The NFL learned how hard it was to expose the bounty system the Saints used to help fuel their 2009 Super Bowl run by investigating the situation in 2010 and coming up with nothing.
Next time around, it could be even harder to get to the truth.
Here, the NFL was able to dust off a cold case because someone blew the whistle during the 2011 season. And, as we explained earlier this month, it’s critical that the NFL protect the whistleblower from any type of retaliation — including insults, threats, and/or specific acts of violence from an overly zealous fan who now thinks the Saints’ Super Bowl title has been tainted and/or that the team’s quest to play in the Super Bowl that will be hosted by New Orleans has now been derailed.
As it turns out, the NFL has outed the suspected whistleblower. On the network that the NFL owns.
Technically, the NFL didn’t directly out the suspected whistleblower. Instead, analyst Warren Sapp outed the suspected whistleblower on Twitter, and Sapp then was invited on air to elaborate. (We won’t use the name of the suspected whistleblower here.)
“My source that was close to the situation informed me that [name omitted] is the one that was the snitch initially,” Sapp said. “I trust my source unequivocally.”
Sapp emphasized that he didn’t get the information from the NFL. “I did not call anybody at the league and I did not receive any information from the league,” Sapp said.
Still, NFL Network put Sapp on the air and allowed him to disclose the name.

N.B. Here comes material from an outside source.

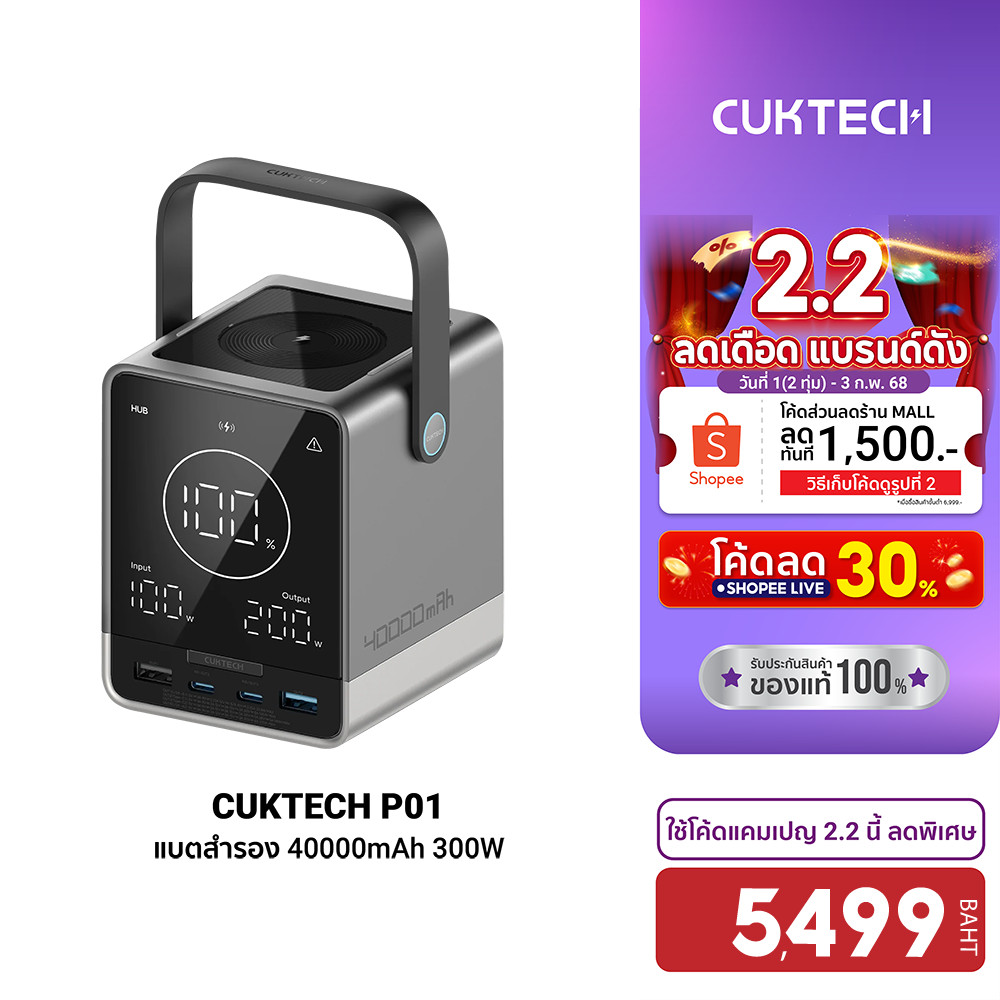 [ลดเหลือ 5499] Cuktech P01 แบตสำรอง 300W ความจุ 40000mAh จ่ายไฟพอร์ตเดียว 140W ชาร์จไร้สาย 20W -1Y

“That’s the information that I got and I trust my source,” Sapp said. “I was given that information, and I went with it, by a reliable source.”

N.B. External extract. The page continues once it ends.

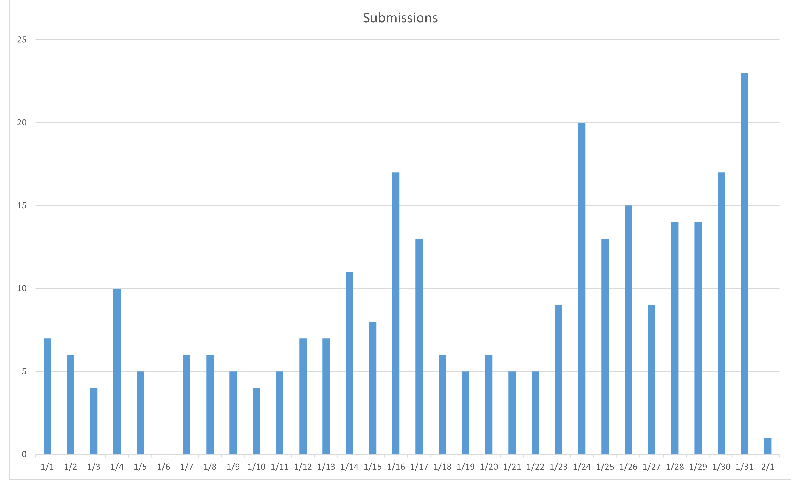 Submissions by Date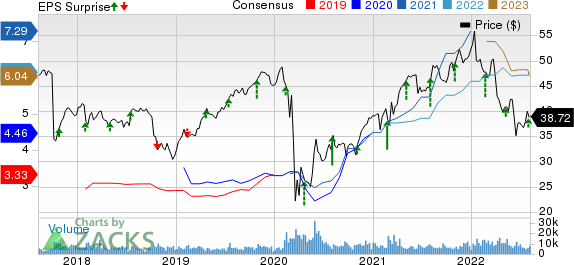 Fidelity National Financial, Inc. Price, Consensus and EPS Surprise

It’s our understanding that Sapp’s source is wrong, and that the person he identified isn’t really the whistleblower. Still, it’s a topic that never should have been discussed on the network owned by the league.
No matter how the hairs are split, some people who heard what Sapp said will believe that the person he identified as the whistleblower was the whistleblower. And they won’t regard him as a whistleblower — they’ll regard him as, as Sapp called him, a snitch.

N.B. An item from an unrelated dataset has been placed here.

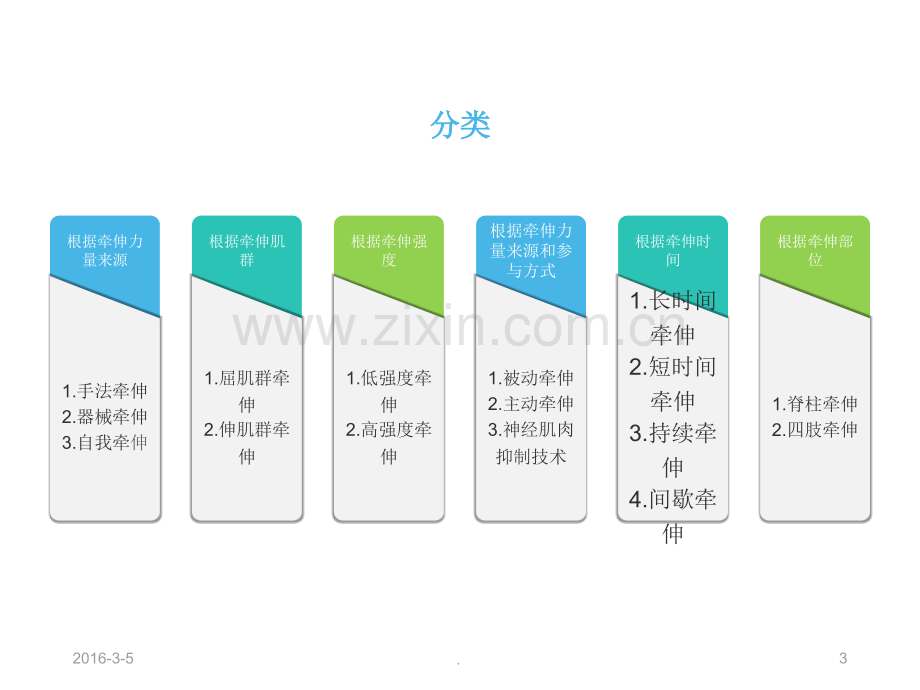 髋部肌肉牵伸法.ppt_第3页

And snitches get stitches and the Saints’ Super Bowl win has indeed been tarnished and their shot at another Super Bowl win in 2012 has been significantly undermined and it only takes one crazy or otherwise unstable Saints fan to decide to do something crazy or unstable to the person identified as the suspected whistleblower.
So the next time the NFL is trying to crack the locker-room Omerta and someone is considering the possibility of doing the right thing and coming clean, that person should legitimately be concerned that his name eventually will be broadcast to the world on the TV network owned by the NFL.
One final point: This isn’t Sapp’s fault. This is a failure by NFL Network to understand the potential consequences of discussing on the air in any way the name of the person who did the right thing and exposed a bounty system that the Saints brazenly continued to utilize for two years after the NFL conducted a failed investigation into the question of whether the Saints were using a bounty system. Instead, someone at NFLN saw Sapp’s tweet and Sapp was brought on the air to discuss it and Sapp just answered questions that never, ever should have been asked.